DUCKWORTH: And the epilogue is it’s a happy ending, right? Not like aid to Africa — you know, economists are like, “Foreign aid is actually surprisingly horrible for the long-term economic wellbeing of these countries.” In this case, training doctors in localities that don’t have those kinds of doctors, like plastic surgeons, is just good. Was that the ending of the story?

DUBNER: I love that your instinct is to be skeptical, especially because almost every time I tell this kind of story, the answer is, “But it’s not as good as you thought it would be.” If you want a sad ending to the story, this era of Smile Train did end in massive lawsuits and incriminations, so that’s your sad ending.
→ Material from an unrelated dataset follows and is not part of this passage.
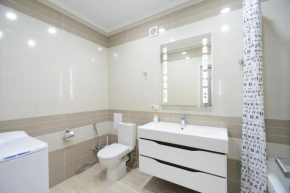 Отель NEW Apartment on Zhasmynova Street 5b  Львов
But I think that the actual adjustment of the business model was successful.

DUCKWORTH: Wait, the lawsuits were from what?

DUBNER: Oh, I’m not going to get into that. But if someone wants to use their Google machine, I think they will find an abundance of reading material with which I am, blessedly, not wildly familiar. But yeah, the world is messy, even though there were good acts being performed. But anyway, that’s not even the part of Smile Train that Michelle’s email reminded me of. Having had that success of adjusting the actual operational model of Smile Train, Brian Mullaney — who is a former ad salesman, by the way, so he knew the way people think about spending money, giving money, what makes them feel good, and so on. And he had another idea for how to change Smile Train. He began just by asking a simple question, “Why do people give money to charity?” So, Angie, let me turn that question to you, thinking as a psychologist. What do you know about why people actually choose to give money to charities?
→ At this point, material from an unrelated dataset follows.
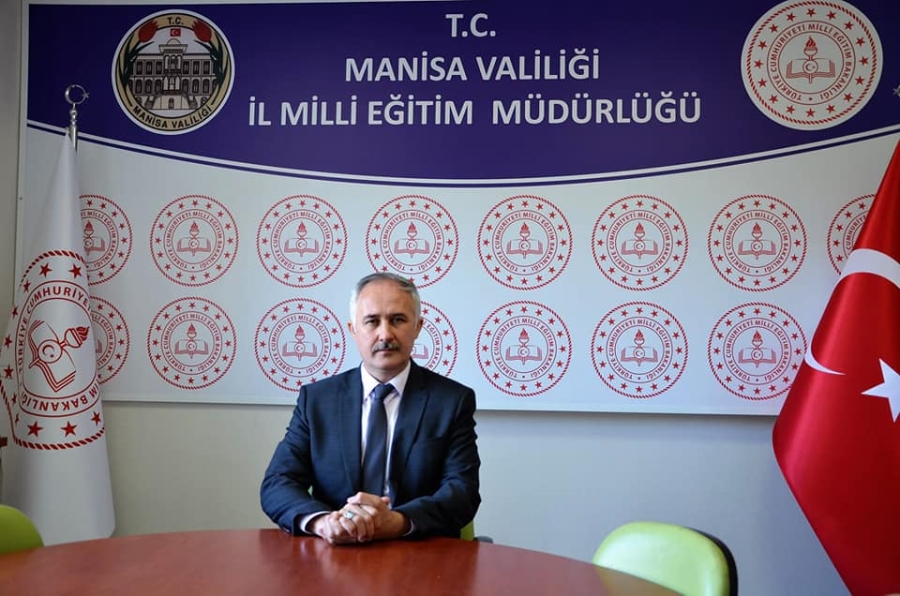 MANİSA İL MİLLİ EĞİTİM MÜDÜRLÜĞÜ YENİ BİNASINA TAŞINACAK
DUCKWORTH: There are a multiplicity of reasons, but I think first and foremost, there is an altruistic impulse that maybe all of us have, at least to some degree, to help somebody else. And then, that list of reasons continues to less-altruistic ones, like: “I’m virtue signaling — I want everybody else to think that I’m kind and generous.” And then, I think there’s also, to some extent, a kind of “tit for tat.” Like: “If I donate, I get a tax deduction, or if I am a supporter of public radio, I’ll get this great tote bag.” There are other motivations, but I think altruism is the primary one.

DUBNER: And there’s one more theory that’s nestled in among the few that you gave. This was a phrase coined by the economist Jim Andreoni. He talked about “warm-glow altruism” — the fact that giving to charity makes people feel better about themselves. So, it’s got a self-interested component to it. And Andreoni wasn’t saying that there’s anything wrong with that at all. In fact, it really is good for everybody. So, Brian Mullaney was working with some economists. He was working with John List and Steve Levitt, both at the University of Chicago. And he knew this literature, and he believed in this literature. He thought that people are truly altruistic. They’re maybe doing some virtue signaling. They’re maybe trying to catch some warm glows from their altruism. But he thought there was maybe another reason why people give to charities, which is that, when they’re asked to donate, the social pressure is so great that they get bullied into giving, even though they wish they had never been asked in the first place. And he suspected that this reason was actually a big driver of Smile Train’s success, because, when they would send out mailings, they would include photographs of a physically disfigured child. Basically, they were trying to say, “You’re kind of not a good person if you’re not going to do that.” He knew that that worked. They raised millions and millions of dollars, but he also knew that it didn’t really sit right with everybody. As Michelle was saying, you’ll get letter, after letter, after letter, after letter. And, in fact, with Smile Train, if you signed up and gave them something, they would send you — do you want to know how many mailings a year you would get from Smile Train?

DUCKWORTH: Oh, my gosh, this is going to shock me. Right? And I’m not even going guess. How many mailings would I get, if I had signed up once to donate to Smile Train?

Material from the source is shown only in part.